Exercise: I need the number of lines in the data that include "Bedroom"; reply with that number alone.

Input data:
======

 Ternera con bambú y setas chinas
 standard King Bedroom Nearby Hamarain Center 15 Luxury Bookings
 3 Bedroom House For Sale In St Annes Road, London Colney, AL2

======

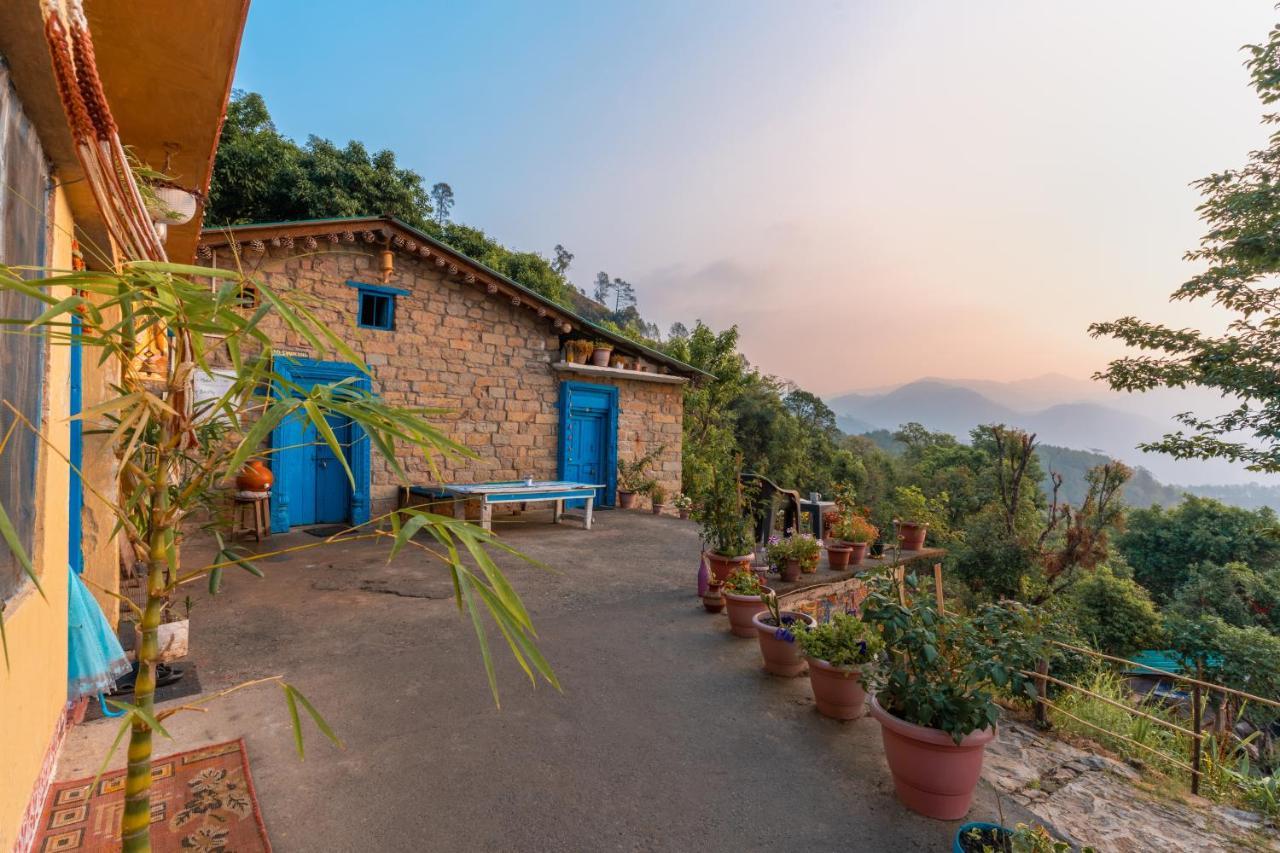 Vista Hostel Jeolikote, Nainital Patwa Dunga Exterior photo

======

Task result: 2